HSC 2015 MX2 Integration Marathon (archive) (1 Viewer)

Drsoccerball · Apr 26, 2015

Re: MX2 2015 Integration Marathon

Chlee1998 said:
I doubt there's a solution for Ekman's question, although I might be wrong cause I didn't spend enough time on it

There is just try my question and then do his its genius
HINT: $sin^{-1}x +cos^{-1}x = \frac{\pi}{2}$

InteGrand · Apr 26, 2015

Re: MX2 2015 Integration Marathon

Ekman said:
Here's a little twist to this question:

$\int_{0}^{1} (cos^{-1}x)^2 dx$

The integral can be written as $\int _0 ^1 \cos ^{-1} x \cdot \cos ^{-1}x \text{ d}x$ .

Replace $\cos ^{-1}x$ with $\frac{\pi}{2}-\sin ^{-1}x$ :

$I=\int _0 ^1 \left(\frac{\pi}{2}-\sin ^{-1}x \right)\cos ^{-1}x \text{ d}x$ .

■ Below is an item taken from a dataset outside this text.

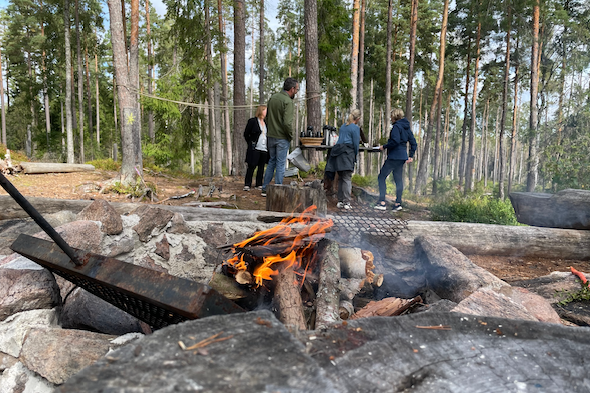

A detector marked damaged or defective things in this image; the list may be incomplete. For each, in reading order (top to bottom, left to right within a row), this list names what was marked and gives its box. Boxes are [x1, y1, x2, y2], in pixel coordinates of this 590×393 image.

rusty grill grate [326, 201, 410, 247]
rusty grill grate [9, 233, 245, 328]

Expand and break up the integral, using integration by parts on the first one and the answer to Drsoccerball's original integral for the second one.

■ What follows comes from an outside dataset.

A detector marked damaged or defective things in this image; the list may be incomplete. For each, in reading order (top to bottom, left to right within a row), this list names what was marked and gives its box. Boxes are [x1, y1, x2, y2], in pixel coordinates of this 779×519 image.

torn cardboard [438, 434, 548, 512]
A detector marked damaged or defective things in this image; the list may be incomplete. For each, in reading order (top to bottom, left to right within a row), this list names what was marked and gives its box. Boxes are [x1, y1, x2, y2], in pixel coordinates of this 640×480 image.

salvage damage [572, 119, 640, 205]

Or, you don't need integration by parts for the first one, you can do it based on comparing the corresponding area to the inverse function.

swagswagyoloswag · Apr 26, 2015

Re: MX2 2015 Integration Marathon

Ekman said:
Is the answer:
n!/(r+1)^n+1

how did you get a (r+1)^(n+1) at the bottom? I got a (r+1)^n
I_n = -n/(r+1)I_n-2 so I_n-1 = -(n-1)/(r+1)I_n-3 and so on. didn't get a n+1

Ekman · Apr 26, 2015

Re: MX2 2015 Integration Marathon

swagswagyoloswag said:
how did you get a (r+1)^(n+1) at the bottom? I got a (r+1)^n
I_n = -n/(r+1)I_n-2 so I_n-1 = -(n-1)/(r+1)I_n-3 and so on. didn't get a n+1

I counted I_0 which is just 1/r+1 , so that's the extra +1. Maybe I might be wrong because I have trouble visualising how many times it gets multiplied.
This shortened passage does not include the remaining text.